The average millennial will have 4 jobs in the first decade after graduation. The chances are, most new hires will have a wide-range of skills and talents acquired throughout their unique career path. Limiting their ability to use such skills in their current role simply doesn’t make sense. Restraining someone’s position to stringent guidelines will do nothing for employee retention. Goler et al explain that the best managers craft opportunities for employees to play to their specific talents. Sometimes, that involves being malleable when it comes to the duties employees must perform. But it doesn’t just mean creating new roles. It also means that managers should go out of their way to see where a certain employee’s strengths could be of use elsewhere in the company. For all you know, you might be outsourcing or contracting a skill or task that an existing employee is an expert at.

Awareness and application of each employee’s strengths, can go a long way to assist employee retention and business success.

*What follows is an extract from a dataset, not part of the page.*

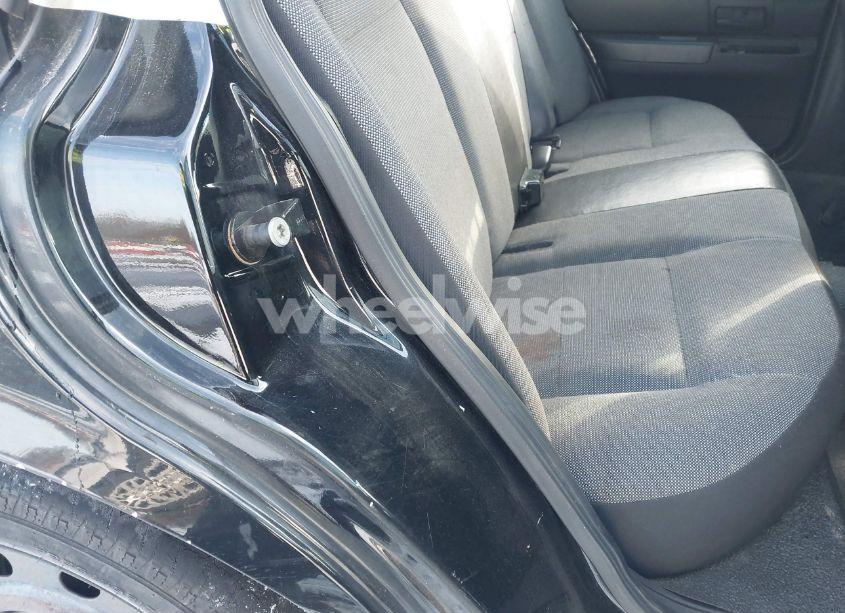 Photo 8 of 2007 Ford Crown VICTORIA POLICE/POLICE INTERCEPTOR (VIN 2FAHP71W67X109302)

Demonstrate Career Progression and Flexibility

Work or a personal life?

It has become a common dilemma. All too frequently, inflexible careers detract from our ability to maintain a healthy work-home balance. Goler et al found that it is far more effective for managers to work with employees to create career progression paths that won’t hinder their ability to have a personal life. Managers that allow such freedom find that their team delivers better results, stay longer in their positions, and are proud of their job.

 

It is up to managers to create employment that employees truly find value in. Design positions that excite and inspire your team, allow employees to play to their strengths, and never underestimate the importance of a work-life balance. Get to know your staff. When employees can tell that their managers really care, and that their work is of value, it makes it that much harder to walk away.